Rather than let that happen, a large coalition of American cities, states, businesses and educational institutions are launching something akin to a shadow government, intended to take America’s place on the global climate stage. The group We Are Still In, which was announced Monday, could submit their own targets to the United Nations and report on their progress alongside the formal commitment from the U.S. federal government.
“The current executive branch… can, and will, speak to its own willingness to move forward on climate action in the United States,” former New York Mayor Michael Bloomberg, the UN special envoy for cities and climate change and an organizer of the effort, wrote in a letter to the UN climate change body announcing the new group. “It cannot, however, determine the pace of progress achieved by U.S. cities, states, the private sector, and civil society. That freedom to lead is part-and-parcel of our federal system.”
Bloomberg has also committed to paying the U.S. contribution to the U.N. Framework Convention on Climate Change, the body that oversees international talks on global warming.
The U.S. committed under President Obama to reduce greenhouse gas emissions by as much as 28% by 2025, but researchers now predict they will fall no more than 12.6% with Trump’s rollback of environmental regulations. Officials from the more than 1,000 groups represented in the new coalition believe they make up a substantial portion of that difference. Among the signatories are hundreds of cities, the most populous states including New York and California and Fortune 500 corporations like Microsoft and Target.
Many of the group’s members sought to show their commitment to greenhouse gas emissions reductions since the months leading up to the Paris Agreement, but those efforts tended not to involve the full cross-section of local governments, corporations and nonprofit institutions. The new coalition aims to advance that work on a far larger scale.

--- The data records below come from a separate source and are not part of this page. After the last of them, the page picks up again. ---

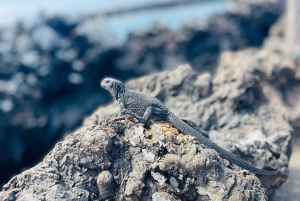 Fra Santa Cruz: 2-dages Isabela Island-tur med vulkanvandring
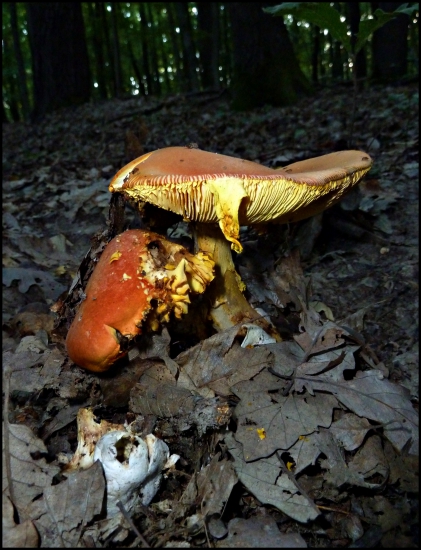 asi muchotrávka cisárska ...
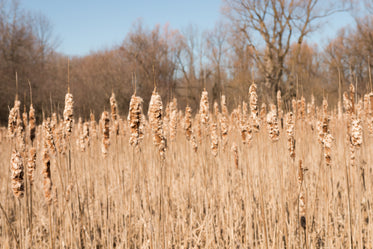 field of poaceae beneath blue sky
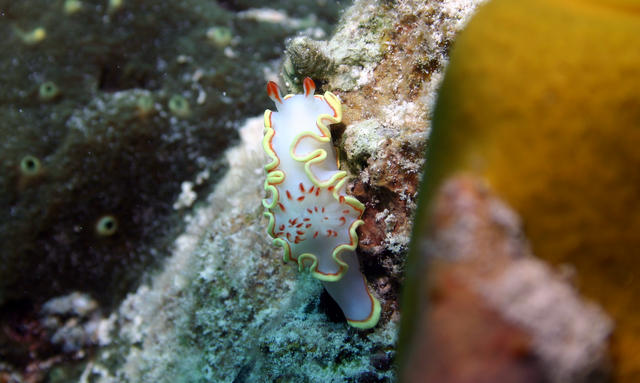 Red Tipped Sea Goddess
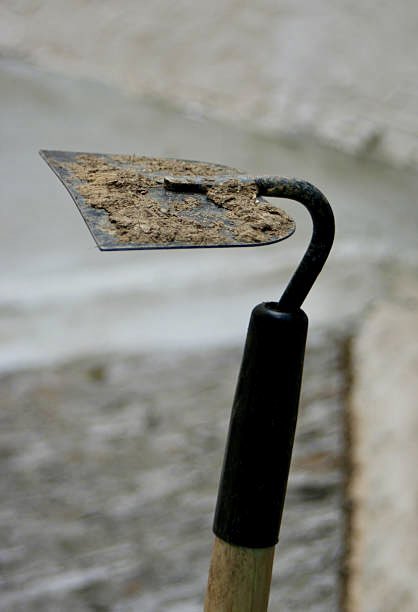 Jackson Wilberforce Wright III tweet media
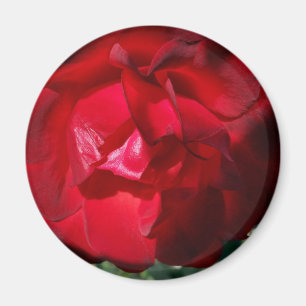 The red of autumn magnet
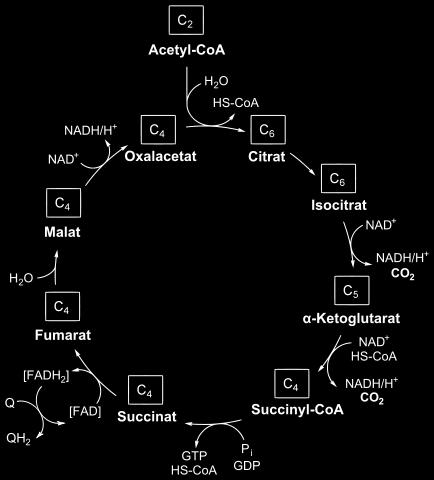 Krebsov cyklus (cyklus kyseliny citrónovej, cyklus trikarboxylových kyselín) cyklická metabolická dráha kľúčová pre energetický metabolizmus a tvorbu ATP sled chemických reakcii, pri ktorých sa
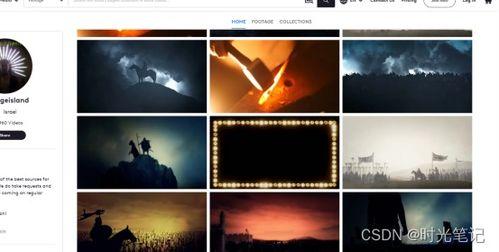 视频素材无水印,无水印背后的秘密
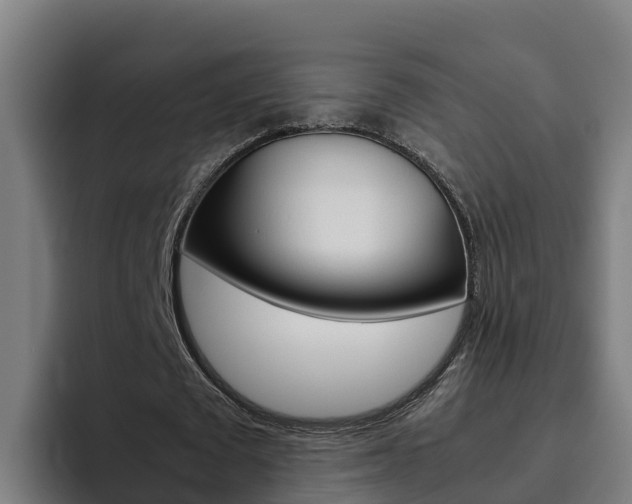 X0000094780673200711160851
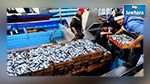 ارتفاع نسبة صادرات منتوجات الصيد البحري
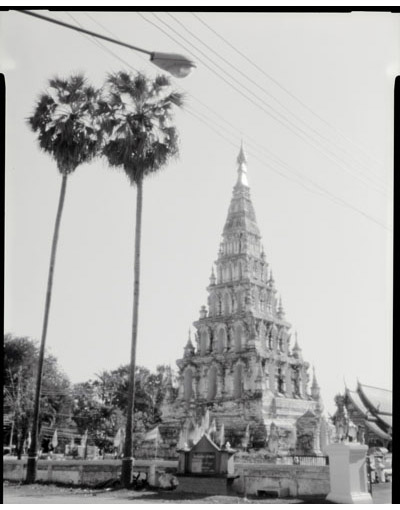 Image Gallery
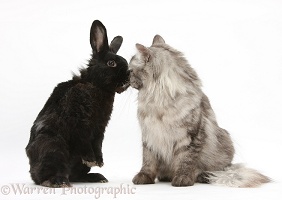 Persian x Birman cat and black rabbit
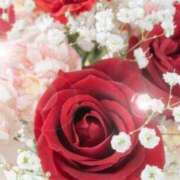 ヒメ日記 2025/12/05 06:15 投稿 リリア ミセスコレクション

“The existence of these coalitions of the willing is nothing new,” says Paul Bodnar, who served as senior director for energy and climate change at the National Security Council under Obama and is now with the Rocky Mountain Institute. “What’s new is working together and the second is aggregating and projecting the importance of that action to the international community.”
The group faces significant challenges before it can formally report on its progress to the U.N. Such measurements can be difficult to tabulate, a challenge complicated by the overlapping nature of many of the entities. It also remains to be seen how the large group will deal with competing personalities all of whom may want to be seen as the face of U.S. efforts to address climate change.
Still, the effort has potential to repair some of the nation’s standing among those fighting against global warming around the world. “I am so moved and enthused that so many states and enterprises in the United States of America want to travel this path with us,” said German Chancellor Angela Merkel, according to the New York Times, after Trump’s announcement. “We will travel it together.”